What to do =
Transcribe nothing except the lines below that run from the one with "molle di abbassamento" to the one with "Bill Ton 66648", ends included, and do not copy any picture.

Dataset records =
_____

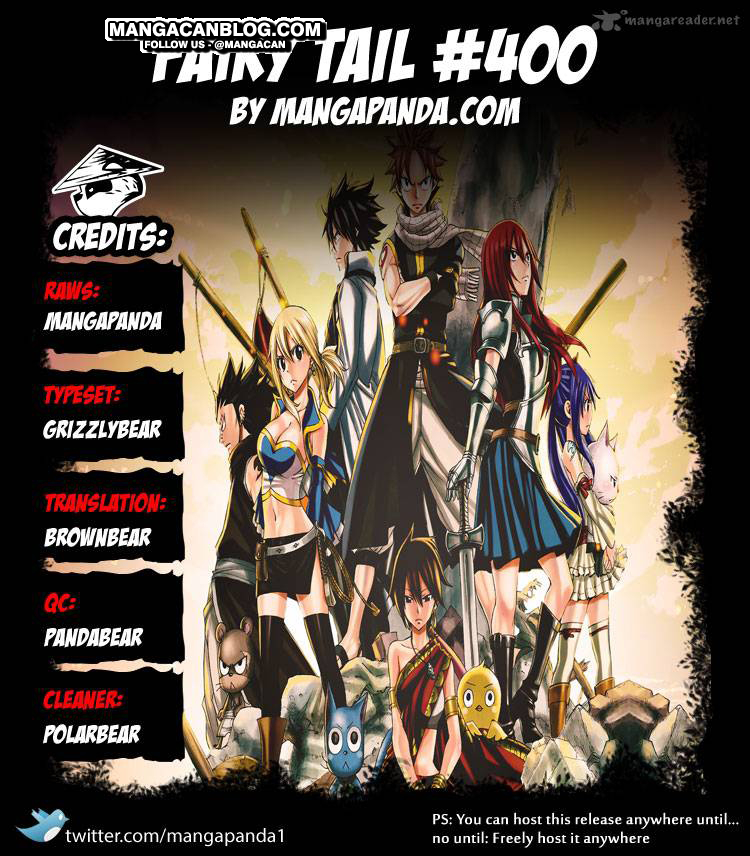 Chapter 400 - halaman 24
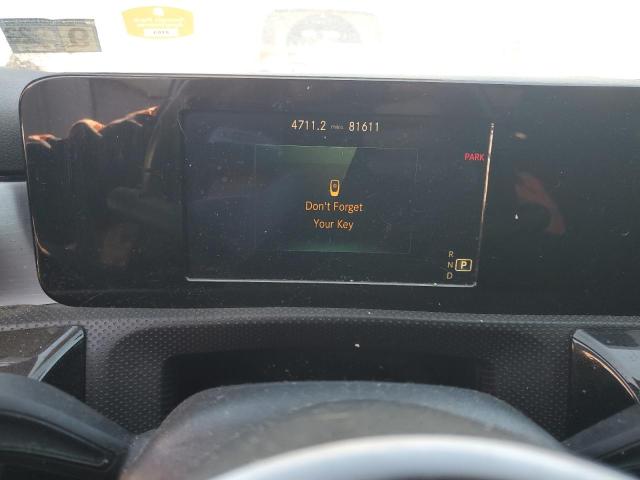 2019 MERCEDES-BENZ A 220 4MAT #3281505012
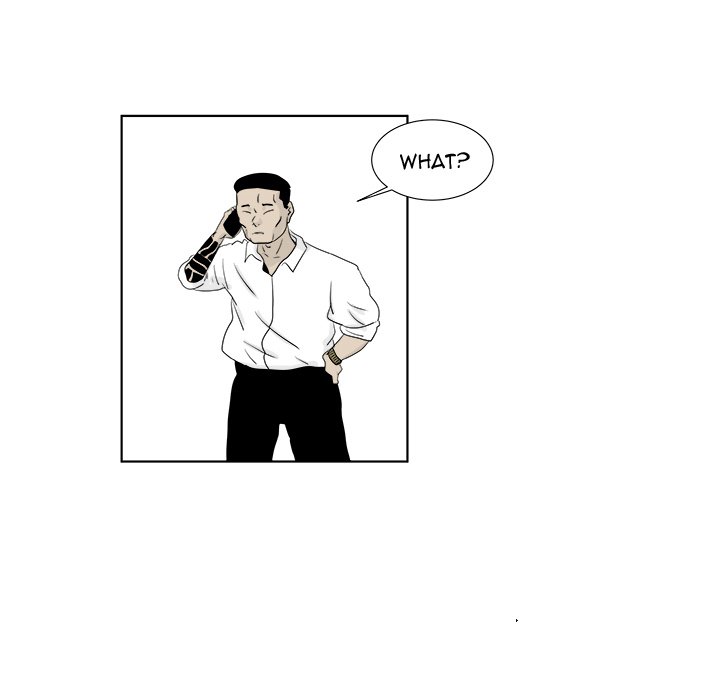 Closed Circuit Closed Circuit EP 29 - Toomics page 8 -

_____

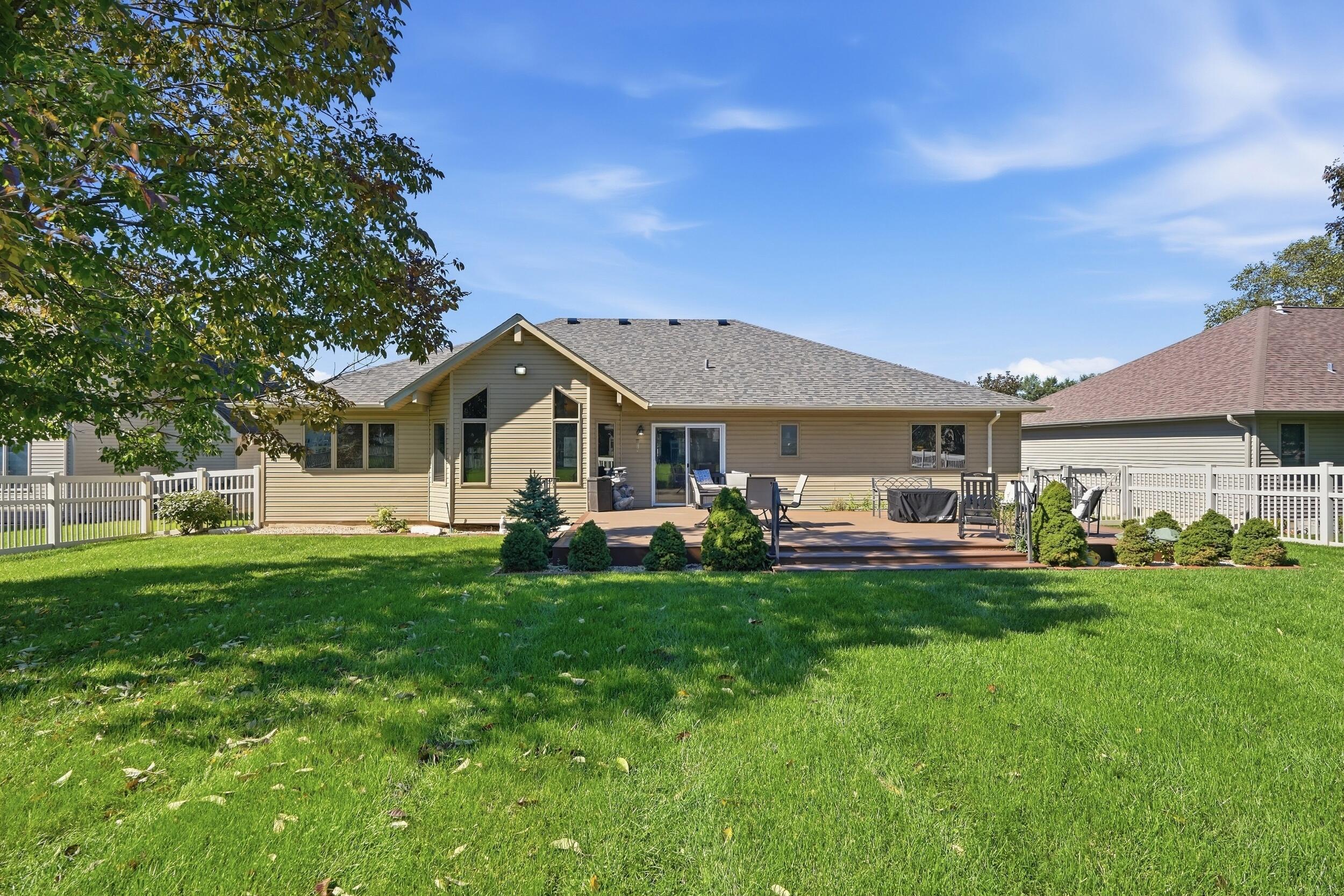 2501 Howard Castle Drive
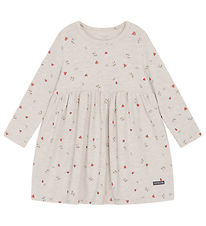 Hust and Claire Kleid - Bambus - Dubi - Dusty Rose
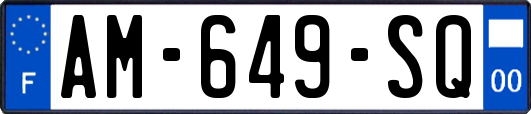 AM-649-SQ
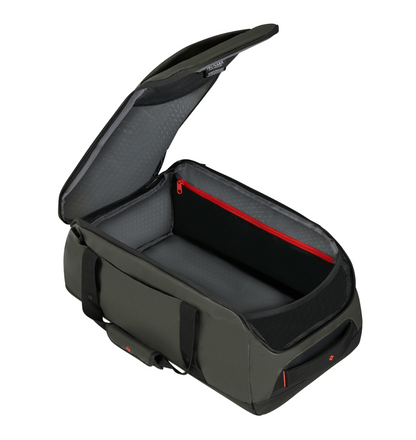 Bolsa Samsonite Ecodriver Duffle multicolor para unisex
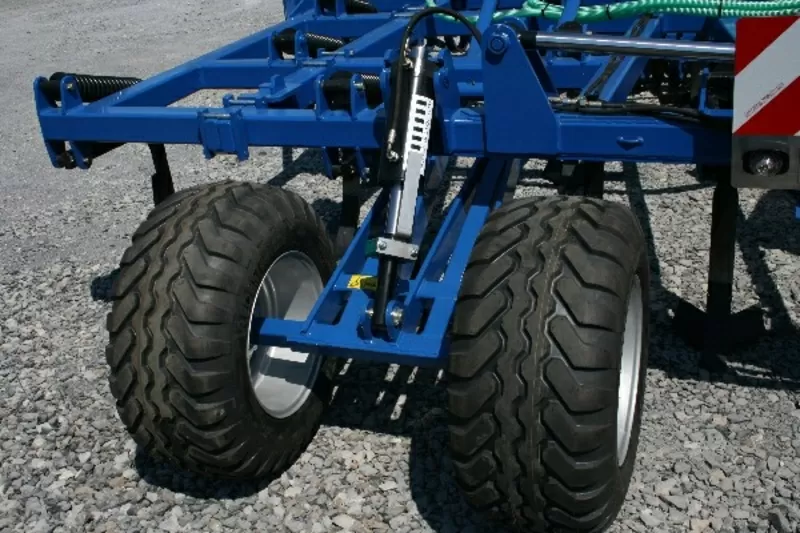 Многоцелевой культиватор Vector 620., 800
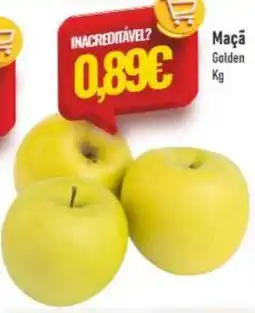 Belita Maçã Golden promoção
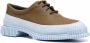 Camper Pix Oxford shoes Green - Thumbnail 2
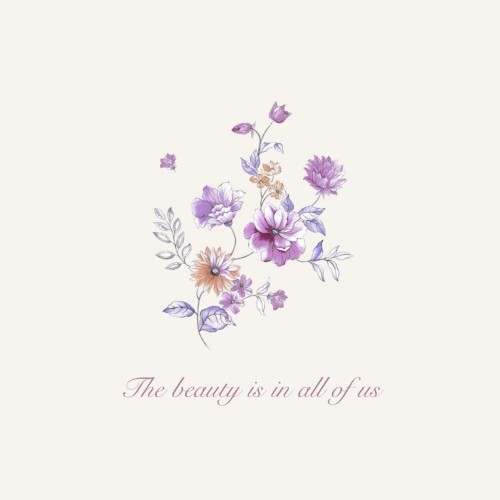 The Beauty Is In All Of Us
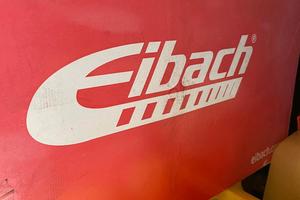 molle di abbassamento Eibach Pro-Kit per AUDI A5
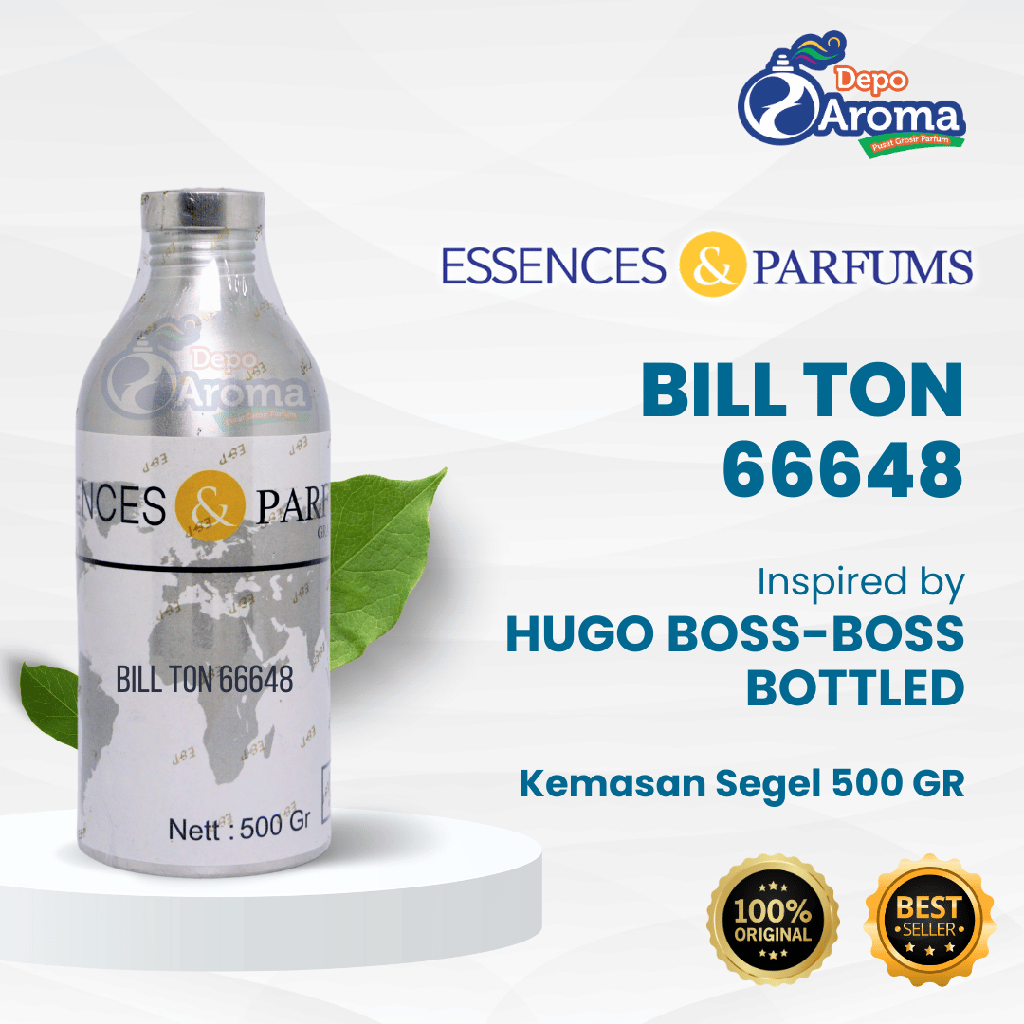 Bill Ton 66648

_____

Response =
 molle di abbassamento Eibach Pro-Kit per AUDI A5
 Bill Ton 66648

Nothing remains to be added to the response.